Es ya costumbre que en Venezuela, dado el alto dinamismo de la escena política cotidiana, los temas, sucesos y situaciones coyunturales pasen rápidamente a segundo plano para luego ser definitivamente olvidados al tiempo que el siguiente asunto de interés se posiciona. La mayoría de las veces ni siquiera tienen completo desarrollo; simplemente desaparecen del debate público. El asunto se torna serio cuando no es sólo el público el que abandona y olvida, sino los actores políticos y sus estrategias.

La opinión pública entró en tensión cuando un rumor de una supuesta matanza a la comunidad yanomami Irotatheri se hizo noticia en la inmensa mayoría de los medios venezolanos y no pocas agencias internacionales y medios extranjeros.

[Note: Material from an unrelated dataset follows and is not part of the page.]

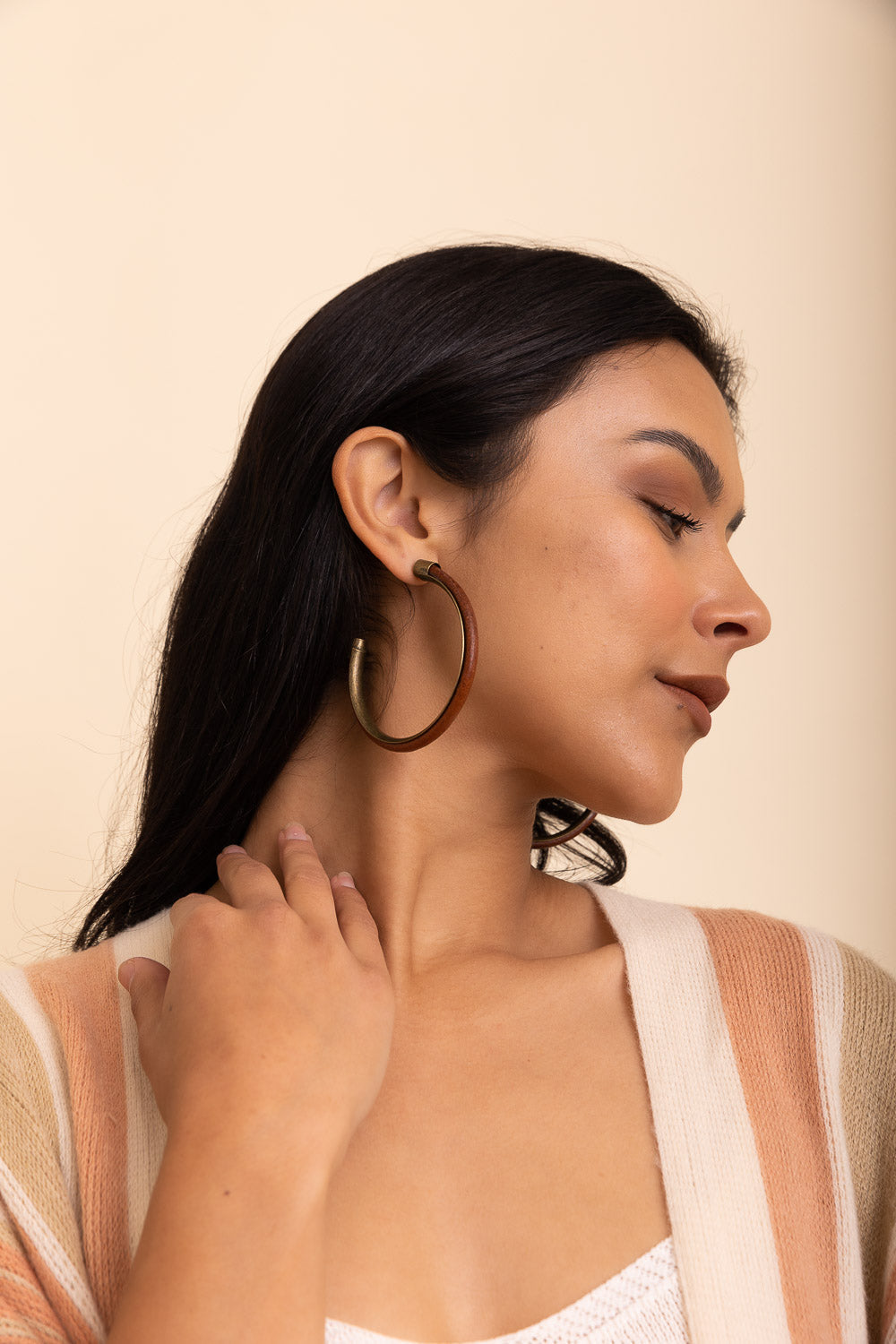 Rustic Charm Leather & Brass Hoop Earrings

Se habló de una “masacre”. Era una noticia impactante. La situación pasaba de conmovedora a terrorífica. Dijeron que garimpeiros brasileños habían exterminado a una comunidad de no menos de “80 yanomamis” en una zona remota de la selva amazónica. Se reportaron supuestos testimonios, anónimos, difusos, de personas que habrían visto los restos de cuerpos y viviendas quemadas.

El gran detalle es el despliegue gigantesco causado por una información carente de la más mínima prueba o testimonio real que confirmara el supuesto hecho. De forma sorprendente, se articuló ante nuestros ojos una nada despreciable maquinaria informativa que incluyó: notas de prensa en medios impresos y radioeléctricos, crónicas, entrevistas, editoriales, caricaturas, comunicados de personalidades y organizaciones, y pronunciamientos incluso de instituciones internacionales. Pero no sólo fueron los medios y el oportunismo político opositor, se pronunciaron también organizaciones e individualidades que apoyan el proceso revolucionario.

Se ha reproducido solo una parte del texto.